And now you have the opportunity to prove it – and get paid.

Some websites exist to bring creative people like you and businesses that need help with their branding together to find just the right name for the business.

You get to show off your creativity and earn money while the company gets a brand new name that aligns with its products, services, and brand mission.

One of the ways you can make your voice heard using your creativity and competitiveness to help new businesses is with Naming Force.

Find out what it takes to be a Namer for this crowdsourcing company with this in-depth Naming Force review that explains everything you need to know.

What is Naming Force?

Naming Force is a company that assists clients in finding appropriate and catchy business and product names using crowdsourcing and market research techniques.
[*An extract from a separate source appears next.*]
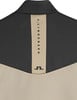 Rückseite einer schwarz-beige Jacke mit J. Lindeberg Logo.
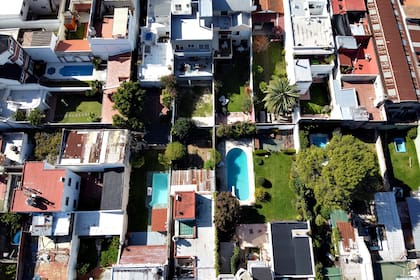 Es un barrio de casas bajas y es muy tranquilo a pesara de estar cerca de la General Paz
As of this writing, the company has helped more than 4,600 businesses get their perfect names using crowdsourcing techniques.

What is crowdsourcing?

It refers to the process of using the feedback of a group of people, like a crowd, to help with something.

In this case, Naming Force utilizes a crowd of creative people like yourself to come up with the perfect names for its clients, which are usually new businesses that need help deciding on the right name for their companies.

Crowdsourcing can be a really efficient way to conduct market research, especially for this type of work.

Naming Force members, known as Namers, will all give out their creative ideas for businesses, allowing a business to choose what they like most and reward the winning Namer.

They’re getting what they need while Namers get to have fun and have a chance of getting paid.

Essentially, what Naming Force does is conduct contests for its business clients.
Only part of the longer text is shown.